BOISE (CN) – A federal judge ordered that road plans in an Idaho national forest – the largest wilderness area in the Lower 48 States – be re-evaluated for environmental impacts.
The 2.3 million-acre Payette National Forest, in west-central Idaho, includes most of the 790,000-acre Frank Church-River of No Return Wilderness, the largest designated wilderness area in the Lower 48.
Many communities, such as the resort town of McCall, have a recreational and economic stake in forest access roads, which were once considered “open unless closed” by the U.S. Forest Service.
In 2005, however, the Forest Service issued new travel management regulations that required each national forest to designate roads open to motorized vehicles and prohibit vehicles off of the new designated system.
Public criticism erupted after the Payette National Forest’s subsequent 2007 Final Environmental Impact Statement and 2008 record of decision that closed about 972 miles of “unauthorized” roads.

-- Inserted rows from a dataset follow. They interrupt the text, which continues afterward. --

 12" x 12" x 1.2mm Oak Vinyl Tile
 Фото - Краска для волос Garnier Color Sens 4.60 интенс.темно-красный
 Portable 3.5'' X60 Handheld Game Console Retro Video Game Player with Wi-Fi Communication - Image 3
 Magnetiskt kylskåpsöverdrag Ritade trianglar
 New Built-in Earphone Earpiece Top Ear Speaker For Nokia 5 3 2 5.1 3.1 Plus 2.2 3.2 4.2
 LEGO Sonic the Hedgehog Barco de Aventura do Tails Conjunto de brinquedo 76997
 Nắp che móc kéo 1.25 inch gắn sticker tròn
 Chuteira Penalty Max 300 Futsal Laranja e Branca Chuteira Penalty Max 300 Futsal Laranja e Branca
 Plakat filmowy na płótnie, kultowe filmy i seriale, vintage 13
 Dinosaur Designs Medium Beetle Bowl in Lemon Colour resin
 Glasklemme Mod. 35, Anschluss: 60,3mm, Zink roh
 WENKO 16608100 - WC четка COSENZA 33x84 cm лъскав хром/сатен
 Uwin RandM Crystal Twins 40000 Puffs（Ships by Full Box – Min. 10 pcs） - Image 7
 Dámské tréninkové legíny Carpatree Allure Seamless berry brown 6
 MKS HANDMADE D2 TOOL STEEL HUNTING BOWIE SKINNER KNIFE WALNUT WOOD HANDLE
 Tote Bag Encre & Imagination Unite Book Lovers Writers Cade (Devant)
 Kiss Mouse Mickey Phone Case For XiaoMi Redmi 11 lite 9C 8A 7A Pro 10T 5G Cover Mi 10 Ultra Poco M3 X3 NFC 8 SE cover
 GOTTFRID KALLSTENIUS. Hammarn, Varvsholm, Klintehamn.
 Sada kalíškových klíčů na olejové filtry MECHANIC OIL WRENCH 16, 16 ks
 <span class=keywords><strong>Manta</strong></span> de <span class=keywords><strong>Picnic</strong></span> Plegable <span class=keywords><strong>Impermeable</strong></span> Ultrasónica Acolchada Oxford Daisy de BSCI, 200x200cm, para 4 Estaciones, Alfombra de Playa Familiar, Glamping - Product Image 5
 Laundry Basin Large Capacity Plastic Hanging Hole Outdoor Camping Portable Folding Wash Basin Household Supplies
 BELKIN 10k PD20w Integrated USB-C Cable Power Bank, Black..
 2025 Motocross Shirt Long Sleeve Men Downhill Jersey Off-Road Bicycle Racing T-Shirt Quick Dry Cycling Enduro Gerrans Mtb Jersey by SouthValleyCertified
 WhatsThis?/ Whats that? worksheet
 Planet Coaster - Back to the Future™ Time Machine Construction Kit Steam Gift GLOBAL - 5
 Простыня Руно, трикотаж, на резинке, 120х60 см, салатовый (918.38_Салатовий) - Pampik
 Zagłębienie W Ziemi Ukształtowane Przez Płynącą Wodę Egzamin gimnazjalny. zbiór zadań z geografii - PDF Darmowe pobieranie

The Payette National Forest defined those roads as “roads that are not part of the National Forest System of roads and included in the forest transportation atlas.”
The Forest Service weathered further public criticism when it was revealed the agency based its environmental impact statement on a proxy method of evaluating the roads’ environmental impacts – in other words, it did not actually inspect the roads.
The Forest Service claimed it was necessary because of budget constraints and lack of manpower to conduct studies on all 972 miles of roads.
The criticism, however, prompted the Forest Service to conduct an environmental assessment of two of the forest’s 13 management areas, in 2010. The environmental assessment recommended that two areas, areas 12 and 13, be closed to off-road motorized vehicles.
Valley County sued the Forest Service in 2011, challenging the Payette National Forest’s travel management plan.
In 2012, both parties filed for summary judgment, and the court partially granted Valley County’s motion, finding that the 2007 environmental impact statement and 2008 record of decision violates the National Environmental Poly Act.
The court also partially granted the Forest Service’s motion, finding that the 2010 environmental assessment did not violate the NEPA.
Citing Kern v. BLM (9th Cir. 2002), U.S. District Judge B. Lynn Winmill on Monday granted Valley County’s May 2014 motion for reconsideration in full because the 2010 environmental assessment cannot “stand alone” from the “flawed” 2007 environmental impact statement.
“Kern requires that to stand alone, the 2010 EA must conduct a cumulative impacts analysis that evaluates impacts beyond management areas 12 and 13,” Winmill wrote in his Monday order.
“The 2010 EA contains no such cumulative impact analysis. Accordingly, the 2010 EA cannot pass muster under the NEPA. The court will therefore grant Valley County’s motion to reconsider and add management areas 12 and 13 to the other eleven management areas that the PNF must reevaluate.”
He also granted motions by Adams County and Idaho County to intervene, but denied Washington County’s motion to intervene because the county has “no land within the areas studied by the 2007 EIS and 2008 ROD.”
Winmill added that his ruling does not resolve the issue of remedy.